Writing about the bus strike and the prospect of possibly having to get a bus at 7.15am from La Linea brought another thought to mind.
There is something about getting older that seems to result in needing to allow more time for getting moving in the morning. For waking up. For drinking enough cups of coffee for the caffeine to kick in. For actually getting the brain half engaged, let alone totally.
This is the woman who would merrily fall out of bed at any given hour, rush round, take a shower/bath, have a coffee or two, maybe make something light to eat, put make-up on, and rush out of the door. All in half an hour if necessary.
I can’t even remember what time I used to get up to get the 5.30am train to London so that I could get there for a 9.30am start. Invariably meeting a load of other work colleagues on the train – no need for breakfast at home on those days as a meal ticket was included. Or alternatively, I could grab some food quickly at home, skip breakfast on the train, but have dinner on the way back. Total day – 16 or 17 hours usually.
Nor can I remember what time I kicked into gear for the drive to Birmingham for a similar start. But I remember enjoying setting off on the empty roads somewhere between 5.15 and 5.45am. Listening to a mix of quiet music, well, noisy music played quietly, and Radio Four. As I moved down through the country I would swap to local radio stations, partly for the traffic updates as I started to meet everyone else who was rushing to work. The adrenalin was buzzing all the way. And then there was the journey back in the late afternoon. Around 700kms return trip.
But since I have dropped out of the rat race, I have truly learned to slow down. To the point of stagnation I think sometimes. And I am really not sure whether it is an age thing or because my lifestyle has changed so much, and I am no longer pressurised to rush around like a blue-arsed fly.
When Partner started work again, he originally got up around 6am or 6.30am. I thought that was shockingly early for a job that started at 8am and was five minutes walk away. He always got there early and would spend a few minutes chatting with his colleagues before they started.
Since then, he has changed jobs and now starts at 7.30am. He gets up around 5.30am or sometimes 5ish. Walks the dog, has coffee, has breakfast, and generally wakes up.
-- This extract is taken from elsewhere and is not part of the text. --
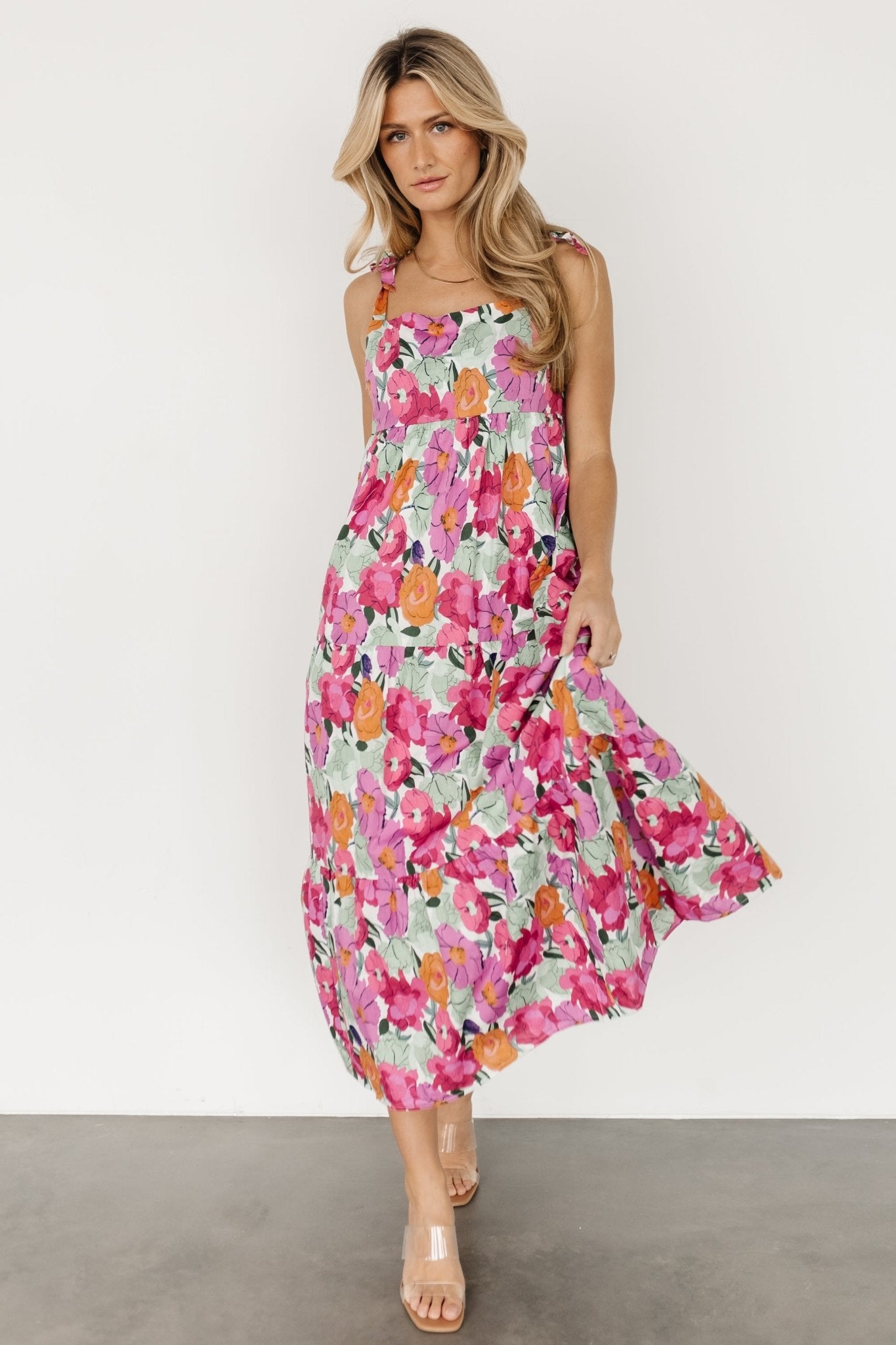 Three-quarter view of the floral midi dress highlighting the smocked back, short inner lining and natural drape of the cotton fabric.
When he gets to work he starts immediately. When some of his colleagues get to work – assuming they arrive on time which isn’t always the case – they stand around having a coffee, chatting, smoking, and finally pick up a tool sometime after 8am.
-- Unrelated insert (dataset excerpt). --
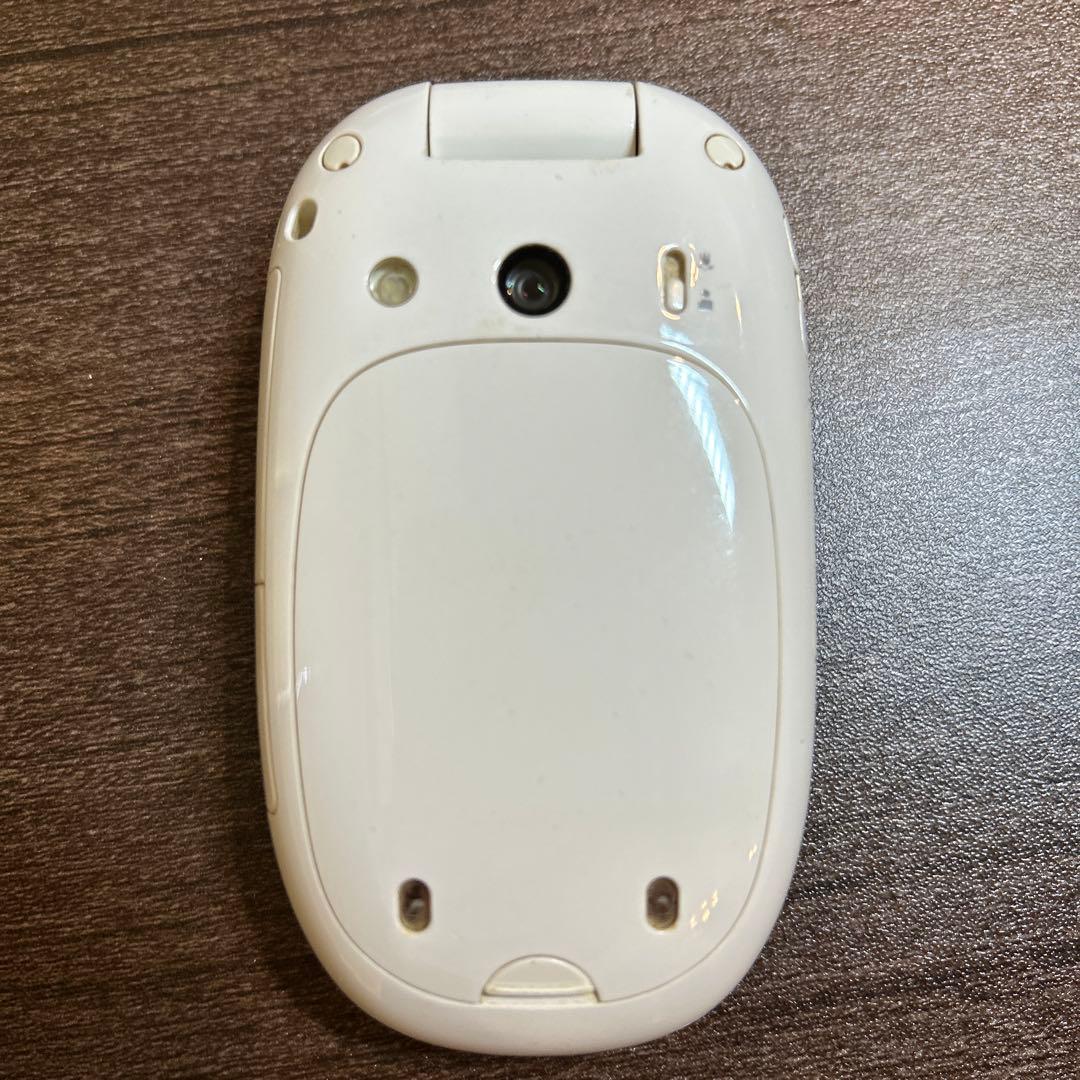 au】ガラケー penck 白 W31H サイトウマコト 箱あり - メルカリ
When I get my idle arse out of bed, I drink the leftovers of the coffee that amazingly do not taste stewed (coffee machines have improved over the years), and flick on a few blogs to see what is happening in the strange world of people/dogs I will never meet but like to read about. Then I decide what to eat. But this is no longer that fast half an hour job that young me did. This takes a couple of hours before I feel awake. So I can see why Partner gets up early so that he has enough time to start functioning clearly – especially when he works manually and has to be alert all the time.
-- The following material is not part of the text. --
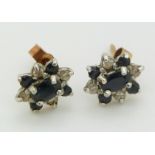 A pair of 9ct gold earrings set with sapphires and diamonds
Yesterday I had a conversation with a woman in a book shop. We spoke about where the year had gone and that it would soon be September. And then did the usual philosophising about life and how it went quickly. She said even her children were saying that too. And she suggested that maybe because life was so instant these days – flick of a finger on a button – that it seemed to be moving too fast for everyone.
When I was in the rat race, one of my bosses told me that lack of money wasn’t a problem, but lack of time was. Now I know what he meant.
Time. Where on earth did it go? I don’t think it is on my side any more.